It's not pretty but it gets the job done!
It is now possible to create a pandas column containing NaNs as dtype int, since it is now officially added on pandas 0.24.0
pandas 0.24.x release notes
Quote: "Pandas has gained the ability to hold integer dtypes with missing values
Whether your pandas series is object datatype or simply float datatype the below method will work
df = pd.read_csv("data.csv")
df['id'] = df['id'].astype(float).astype('Int64')
I had the problem a few weeks ago with a few discrete features which were formatted as 'object'. This solution seemed to work.
for col in discrete:
df[col] = pd.to_numeric(df[col],errors='coerce').astype(pd.Int64Dtype())
If you absolutely want to combine integers and NaNs in a column, you can use the 'object' data type:
df['col'] = (
df['col'].fillna(0)
.astype(int)
.astype(object)
.where(df['col'].notnull())
)
This will replace NaNs with an integer (doesn't matter which), convert to int, convert to object and finally reinsert NaNs.
You could use .dropna() if it is OK to drop the rows with the NaN values.
df = df.dropna(subset=['id'])
Alternatively,
use .fillna() and .astype() to replace the NaN with values and convert them to int.
I ran into this problem when processing a CSV file with large integers, while some of them were missing (NaN). Using float as the type was not an option, because I might loose the precision.
My solution was to use str as the intermediate type.
Then you can convert the string to int as you please later in the code. I replaced NaN with 0, but you could choose any value.
df = pd.read_csv(filename, dtype={'id':str})
df["id"] = df["id"].fillna("0").astype(int)
For the illustration, here is an example how floats may loose the precision:
s = "12345678901234567890"
f = float(s)
i = int(f)
i2 = int(s)
print (f, i, i2)
And the output is:
1.2345678901234567e+19 12345678901234567168 12345678901234567890
As of Pandas 1.0.0 you can now use pandas.NA values. This does not force integer columns with missing values to be floats.
When reading in your data all you have to do is:
df= pd.read_csv("data.csv", dtype={'id': 'Int64'})
Notice the 'Int64' is surrounded by quotes and the I is capitalized. This distinguishes Panda's 'Int64' from numpy's int64.
As a side note, this will also work with .astype()
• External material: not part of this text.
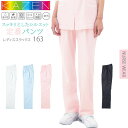 スラックス レディーススクラブパンツ カゼン 白衣パンツ 医療用 KAZEN 163 ストレッチ 透け防止 ナースパンツ ユニフォーム 医師 看護師 歯科 動物病院 リハビリ 介護 クリニック エステ服 術衣サンアロー ホワイト ピンク ネイビー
df['id'] = df['id'].astype('Int64')
Documentation here
https://pandas.pydata.org/pandas-docs/stable/user_guide/integer_na.html
If you can modify your stored data, use a sentinel value for missing id. A common use case, inferred by the column name, being that id is an integer, strictly greater than zero, you could use 0 as a sentinel value so that you can write
if row['id']:
regular_process(row)
else:
special_process(row)
Most solutions here tell you how to use a placeholder integer to represent nulls. That approach isn't helpful if you're uncertain that integer won't show up in your source data though. My method with will format floats without their decimal values and convert nulls to None's. The result is an object datatype that will look like an integer field with null values when loaded into a CSV.
keep_df[col] = keep_df[col].apply(lambda x: None if pandas.isnull(x) else '{0:.0f}'.format(pandas.to_numeric(x)))
import pandas as pd
df= pd.read_csv("data.csv")
df['id'] = pd.to_numeric(df['id'])
If you want to use it when you chain methods, you can use assign:
df = (
df.assign(col = lambda x: x['col'].astype('Int64'))
)
The issue with Int64, like many other's solutions, is that if you have null values, they get replaced with <NA> values, which do not work with pandas default 'NaN' functions, like isnull() or fillna(). Or if you convert values to -1 you end up in a situation where you may be deleting your information. My solution is a little lame, but will provide int values with np.nan, allowing for nan functions to work without compromising your values.
def to_int(x):
try:
return int(x)
except:
return np.nan
df[column] = df[column].apply(to_int)
Use .fillna() to replace all NaN values with 0 and then convert it to int using astype(int)
df['id'] = df['id'].fillna(0).astype(int)
For anyone needing to have int values within NULL/NaN-containing columns, but working under the constraint of being unable to use pandas version 0.24.0 nullable integer features mentioned in other answers, I suggest converting the columns to object type using pd.where:
df = df.where(pd.notnull(df), None)
This converts all NaNs in the dataframe to None, treating mixed-type columns as objects, but leaving the int values as int, rather than float.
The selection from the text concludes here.